Bunların yanında özellikle KDV benzeri tüketim vergi oranları yükseltilirken sermaye ve şirketler üzerinden alınan vergilerin arz-yönlü politikalar söylemi altında düşürülmesi. Burada, KDV vergi oranının ortalama yüzde 23 düzeyinde olduğu hatırlandığında, önerilen ek vergi yükünün Yunan halkının tüketim olanaklarını nasıl kısıtlayacağı açıkça görülecektir.
Aslında daha da net söylersek, emekli maaşlarının düşürülmesinin ve KDV tipi vergilerin yükseltilmesi taleplerinin sadece kreditörlerin alacaklarının tahsiline yönelik kısa dönemli programlar olduğu ve Yunan ekonomisine herhangi bir etkinlik, kazanım sağlamayacağı çok açıktır. Bu haliyle önerilen taleplerin “reform” kavramıyla bağdaşmadığı da ortadadır. Dolayısıyla özetle vurgulamak gerekirse, önerilen paket aslında “reform” değil, kreditörlerin ve küresel finans burjuvazisinin alacaklarını güvenceye alma programı ve Yunanistan’ın iktisadi ve sosyal kaynaklarını küresel kapitalizmin acımasız sömürüsüne açma projesidir.

***

Anketler 5 Temmuz referandumu öncesinde şimdilik -kreditörlerle anlaşmaya- “evet” oylarının önde olduğunu gösteriyor.
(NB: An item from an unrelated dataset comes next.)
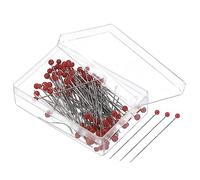PATIKIL Cucito Spilli, 200pz 1,5" Palla perleta Testa Spilli Dritti Spillo per Tessuto, Decorativo, Tessuto Fai-da-Te, Fai-da-Te, Rosso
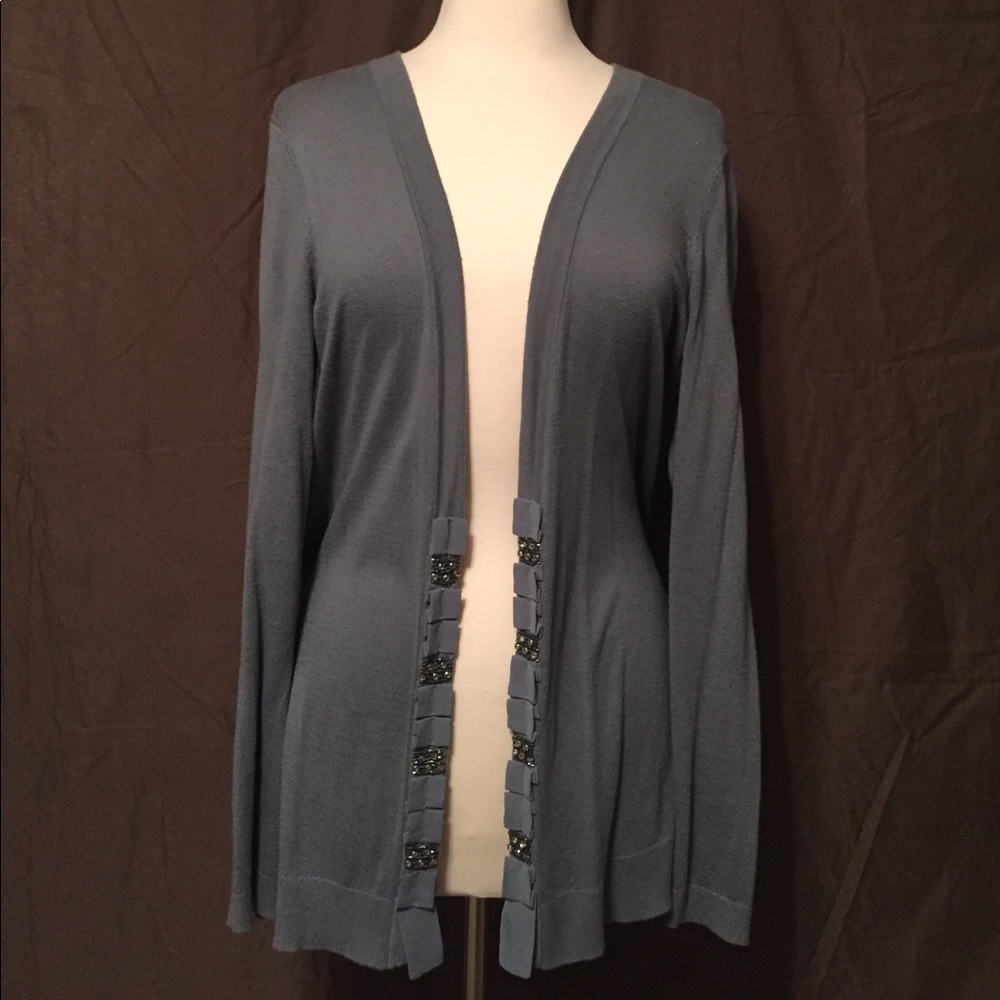Steel Blue No Closure Cardigan with Front Detail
Ancak, referandumun sonucu ne olursa olsun yapılması gerekecek olanları iktisat tarihi bize net olarak vurguluyor:
(1) Sermaye kontrollerinin (gönüllü ya da gönülsüz) zorunlu olarak sıkılaştırılması ve dövizin tayınlanması.
(2) Yunanistan Merkez Bankası’nın tüm borçları nihai-borçlanıcı sıfatıyla üstlenmesi; ve
(3) Kamu borçlarının ertelenmesi ve yeniden yapılandırılması.
Bu acı gerçeklerin, diğer Avro bölgesinde, dilerseniz (yeni) drahmi aracılığıyla uygulanması gerekecektir; ister gönüllü, ister gönülsüz.